Caption: Queenstown is undergoing a massive $182.5 million construction upgrade and expansion with transformation of its CBD (story in August LG issue). Artist impression supplied by the Ka Huanui A Tahuna Alliance.
Planning authorities can find it highly challenging when just before their proposed plans become fully operative, new national policy direction, standards or regulations are enacted. This is especially a source of frustration (and cost) if their plans will be in conflict with the newly introduced, higher-order planning instruments. By Theresa Le Bas, partner, Tompkins Wake.
It seems every planning authority will be experiencing some level of challenge at present to ensure their plans continue to give effect to or implement the higher-order provisions, amendment acts and or rules, especially in light of the frequent changes in the resource management system.
This was exactly the case in a recent decision of the Environment Court. Just when the remaining appeals to Northland Regional Council’s Proposed Regional Plan (PRP) were prepared or set down for hearings, the new National Policy Statement for Freshwater Management (NPSFM 2020), the Resource Management (National Environmental Standards for Freshwater) Regulations 2020 (NES-F) and the Stock Exclusion Regulations 2020 (SER) all came into force. The PRP is a combined regional planning document for land and water including the Coastal Marine Area. This particular decision concerned remaining appeals on its stock exclusion provisions.
To briefly recap, the SER prohibit the access of cattle, pigs and deer to wetlands, lakes and rivers, with some qualifications around slope degree and existing fencing. Relevant to this case, the SER requires that stock be excluded from natural wetlands identified in a regional policy statement or regional or district plan and any natural wetland that supports a threatened species as described in the NPSFM 2020. In low slope areas, stock must be also excluded from any natural wetland greater than 0.05ha. Notably, sheep are not included in the meaning of “stock” under the SER.
Did the Court have scope to amend the PRP?
The Court first needed to confirm whether it had jurisdiction to grant the relief sought by the parties. This included the Minister of Conservation, who submitted that the PRP provisions should implement the recently enacted regulations and policies. The Court did not agree and expressed concern that it was being asked to “redesign” and “retrofit” the PRP in accordance with the NPSFM 2020, NES-F and SER, noting none of which “existed at the time the Council considered the provisions.” The court maintained that it only had jurisdiction to amend the decisions version of the PRP within the scope of the parties’ submissions and appeals. Of course, it would attempt where possible and within scope to ensure consistency and avoid conflict. However, if the parties and council remained concerned about the PRP’s consistency with the newer authorities, then it was the council’s role (not the court’s) to resolve that inconsistency via another plan change.
So, what could the court amend?
Within the scope of the appeals, the court found that the minimum area of natural wetland which must be fenced under the PRP was 500m2 (rather than 2000 cubic metres as in the decisions on the PRP).

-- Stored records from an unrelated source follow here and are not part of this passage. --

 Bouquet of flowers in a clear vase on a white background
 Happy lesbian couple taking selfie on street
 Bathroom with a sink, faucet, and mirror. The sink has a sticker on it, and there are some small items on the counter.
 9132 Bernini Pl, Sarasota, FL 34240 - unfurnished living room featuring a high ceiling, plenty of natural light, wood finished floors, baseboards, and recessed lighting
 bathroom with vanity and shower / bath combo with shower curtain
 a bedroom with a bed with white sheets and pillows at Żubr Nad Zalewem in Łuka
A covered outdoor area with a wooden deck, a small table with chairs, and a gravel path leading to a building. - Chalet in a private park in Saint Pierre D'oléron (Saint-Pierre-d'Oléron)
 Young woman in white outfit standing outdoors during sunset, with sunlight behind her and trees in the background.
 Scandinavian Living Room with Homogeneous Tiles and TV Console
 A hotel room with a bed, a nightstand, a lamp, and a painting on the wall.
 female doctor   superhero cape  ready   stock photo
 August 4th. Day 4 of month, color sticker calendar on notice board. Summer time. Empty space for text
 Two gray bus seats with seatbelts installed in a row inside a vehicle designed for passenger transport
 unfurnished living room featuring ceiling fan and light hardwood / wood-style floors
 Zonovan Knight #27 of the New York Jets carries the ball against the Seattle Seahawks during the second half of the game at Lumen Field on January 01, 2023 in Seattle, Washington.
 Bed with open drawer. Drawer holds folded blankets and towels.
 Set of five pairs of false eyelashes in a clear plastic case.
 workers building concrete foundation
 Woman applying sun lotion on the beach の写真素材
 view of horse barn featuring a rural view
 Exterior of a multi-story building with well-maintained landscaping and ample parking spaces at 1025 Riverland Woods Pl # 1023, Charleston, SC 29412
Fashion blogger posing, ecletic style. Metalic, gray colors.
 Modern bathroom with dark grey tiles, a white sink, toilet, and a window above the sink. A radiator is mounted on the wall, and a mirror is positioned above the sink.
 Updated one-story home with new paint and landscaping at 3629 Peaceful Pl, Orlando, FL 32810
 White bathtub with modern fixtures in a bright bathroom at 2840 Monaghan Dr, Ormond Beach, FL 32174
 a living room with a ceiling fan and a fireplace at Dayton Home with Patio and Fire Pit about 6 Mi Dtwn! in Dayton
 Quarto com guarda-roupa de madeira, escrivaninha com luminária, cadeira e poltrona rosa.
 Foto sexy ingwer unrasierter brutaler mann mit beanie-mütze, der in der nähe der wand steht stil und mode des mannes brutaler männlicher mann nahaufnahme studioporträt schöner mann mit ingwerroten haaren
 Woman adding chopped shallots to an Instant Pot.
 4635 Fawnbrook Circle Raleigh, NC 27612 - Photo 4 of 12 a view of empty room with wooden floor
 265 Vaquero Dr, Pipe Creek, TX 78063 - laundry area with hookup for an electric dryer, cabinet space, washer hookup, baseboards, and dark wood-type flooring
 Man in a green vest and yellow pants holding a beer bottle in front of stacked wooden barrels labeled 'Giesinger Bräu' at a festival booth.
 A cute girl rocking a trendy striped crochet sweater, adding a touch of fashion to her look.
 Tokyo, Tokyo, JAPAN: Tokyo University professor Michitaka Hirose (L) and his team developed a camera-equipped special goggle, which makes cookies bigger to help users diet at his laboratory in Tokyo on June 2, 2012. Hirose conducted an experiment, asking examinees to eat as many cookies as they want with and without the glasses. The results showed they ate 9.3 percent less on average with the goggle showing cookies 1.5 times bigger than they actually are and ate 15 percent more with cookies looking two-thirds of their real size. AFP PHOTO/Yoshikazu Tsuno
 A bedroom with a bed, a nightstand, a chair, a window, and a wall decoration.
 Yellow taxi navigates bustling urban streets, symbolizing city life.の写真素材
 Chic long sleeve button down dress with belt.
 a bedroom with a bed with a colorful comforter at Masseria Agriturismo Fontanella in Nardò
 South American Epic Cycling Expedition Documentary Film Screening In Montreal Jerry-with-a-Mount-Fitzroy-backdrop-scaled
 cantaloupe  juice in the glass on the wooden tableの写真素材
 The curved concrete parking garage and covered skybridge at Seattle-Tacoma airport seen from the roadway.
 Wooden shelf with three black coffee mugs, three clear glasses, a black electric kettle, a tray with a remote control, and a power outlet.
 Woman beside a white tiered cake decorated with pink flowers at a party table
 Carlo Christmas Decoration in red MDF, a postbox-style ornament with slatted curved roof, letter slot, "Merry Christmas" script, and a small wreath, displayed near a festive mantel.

The lower area size would be consistent with the regulations and given a benefits and costs analysis, was the most appropriate method to achieve the purpose of the Act whilst ensuring uptake by the farming community.
However, the court did not agree that sheep could be included within the definition of “livestock” under the PRP nor that it could change “livestock” to “stock”, as neither of these relief were sought in the submissions on the PRP. It did note that in practical effect, sheep and other types of stock would still be excluded from natural wetlands greater than 500 cubic metres by the amended fencing rule.
Overall, the court was also gravely concerned that the government arm was overstepping its function under the separation of powers by releasing “guidelines” on how to interpret the recently enacted instruments. The court stated that the three distinct powers (the Legislative, the Executive and the Judiciary) should remain separate and uninfluenced by the others in fulfilling their separate roles. The court said that it understood its statutory duty was “… to determine the case devoid of any sector influence” and was troubled by “… the politicisation of the environmental space.”
How can planning authorities resolve plan tensions?
When faced with new standards, regulations and policies prior to a proposed plan change becoming operative, planning authorities should not attempt to retrofit their plans unless there is scope within submissions and appeals.
If there is not any scope, then planning authorities have a number of other tools they can implement to ensure their plans achieve consistency with high-order planning instruments, amendment acts or rules.
This usually requires a plan change using Schedule 1 after appeals are resolved, although recent amendments such as the Resource Management (Enabling Housing Supply and Other Matters) Amendment Act 2021 require specific local authorities to adopt a separate process for this. Where new enactments render proposed plan changes ineffective, then sometimes the only option is to withdraw that proposed plan change and start afresh. A final option before proceeding with a plan change or withdrawal is to seek a declaration from the Environment Court.
As made clear by the court in this decision on the PRP, the Judiciary’s separate role is to interpret the legislation and regulations then determine their application (and enforcement, if necessary).